Love is a fight. Enter a relationship, and you're entering a ring where you'll be in combat with that person to whom you've opened your heart. Blows will be traded, blood will be spilled, and someone will go down for the count – perhaps not in the physical sense, but you may feel as if you've been on the receiving end of battering hands or, if you prefer the imagery suggested by the title of this tough-minded romance, scratching claws and pecking beak. In any case, you'll be locked in a battle for control of your life and your shared lives.
That's the brutal, perverse message of Mike Bartlett's play, in which John thrashes it out with his male lover, M, and leaves him, then falls into a new relationship – the last kind he'd ever imagined himself falling into – with a woman. John loves W but is so unnerved by this heterosexual attraction – he's only ever fancied men, he says – that he returns to M for help in sorting out his feelings. That pits John against M, John against W, and M and W against each other – a three-way bout boasting the exhilarating energy and hard-to-watch aggression of a contact sport.
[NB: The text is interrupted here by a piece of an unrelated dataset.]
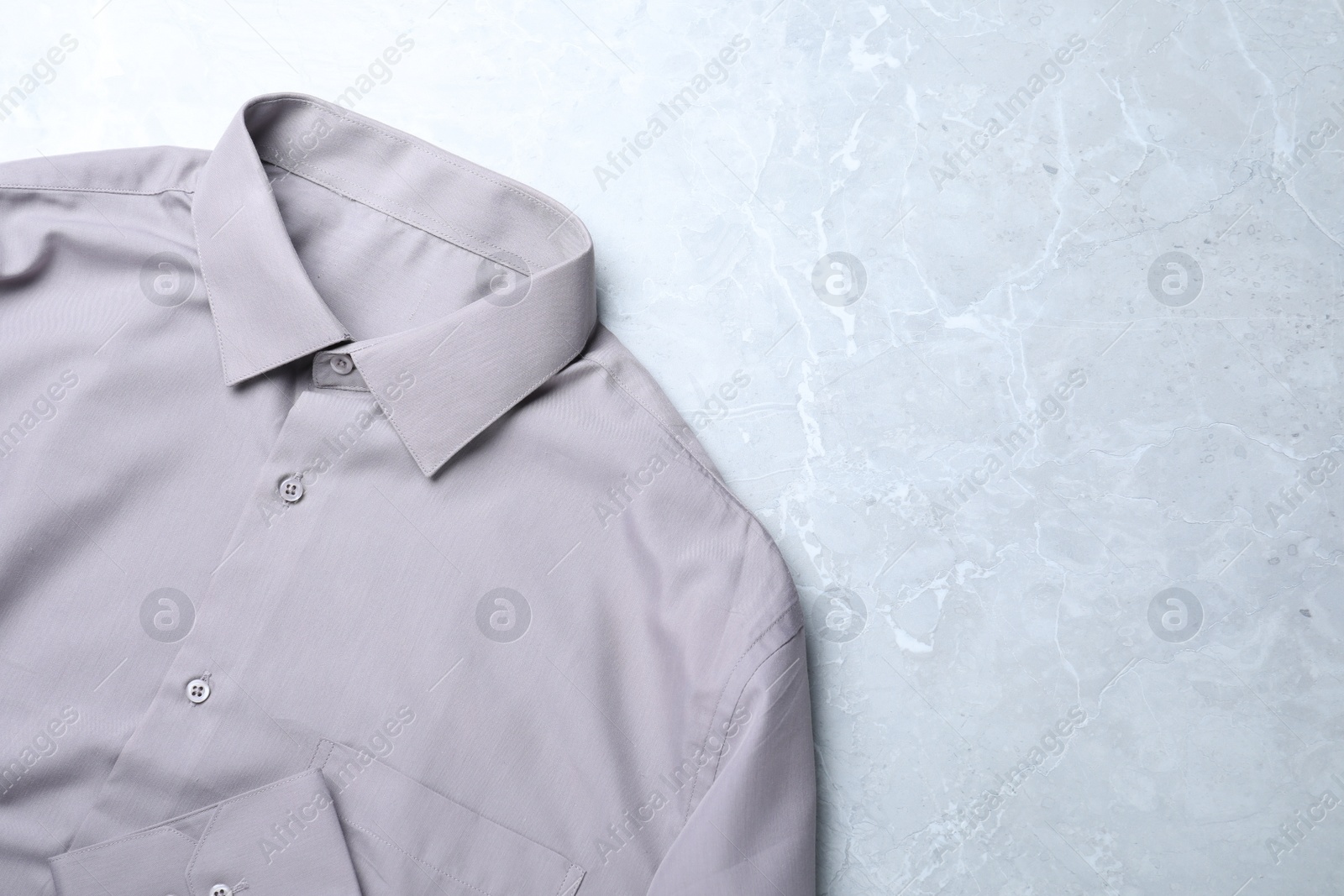 Photo of Stylish shirt on grey marble table, top view with space for text. Dry-cleaning service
The thing is, there's next to no contact in it – not bodily, at least. Bartlett employs a sly theatricality in which we never see much of anything: no table setting when dinner is served, no clothes shed when sex takes place (and my oh my, does sex take place), no punches thrown or landing when the lovers go toe-to-toe. In Theatre en Bloc's staging, what we see is a chalk circle on a bare stage into which the actors step and confront each other in scenes demarked by the sound of a bell. What we see is their relationship to one another in space, how they position themselves close to and away from the person they're with and how that affects the scoring of points in this contest. Under the direction of Derek Kolluri (which shows the rigor of a choreographer – or better yet, a boxing trainer), the actors' moves often mimic those of prizefighters, maneuvering around each other, looking for an opening in their opponent's position, a place of vulnerability where one can land a quick punch and leave the other weakened, staggering, unable to strike back. But the fact that we see no blows to the body doesn't mean we see no painful impact. The verbal jabs unleashed here (most devastatingly by Ryan Hamilton's acerbic, astringent M) land with shattering force, and every actor lets us see the effect: a look of having the wind knocked out of them, of having their flesh sliced open, of being wounded in a way they know will never heal.
The play's fights turn on the future and kinds of comfort and sense of self that come with the love on offer. The support and enthusiasm that John gets from W (a bright, winsome Jenny Lavery) makes him feel like a better man, but he can't see himself as straight, even with a woman he loves. John is constantly diminished by M, but that relationship makes him feels closer to who he is. Ambivalence isn't a quality that's appealing or easy to convey, but Zac Carr communicates John's indecision with a confusion and sincerity that makes his indecision understandable, if not admirable. He's beaten down by the battles, punch-drunk to the point that he doesn't know the best path forward. Cock shows us not only that love is a fight but that in it, sometimes the only way to survive is to take a dive.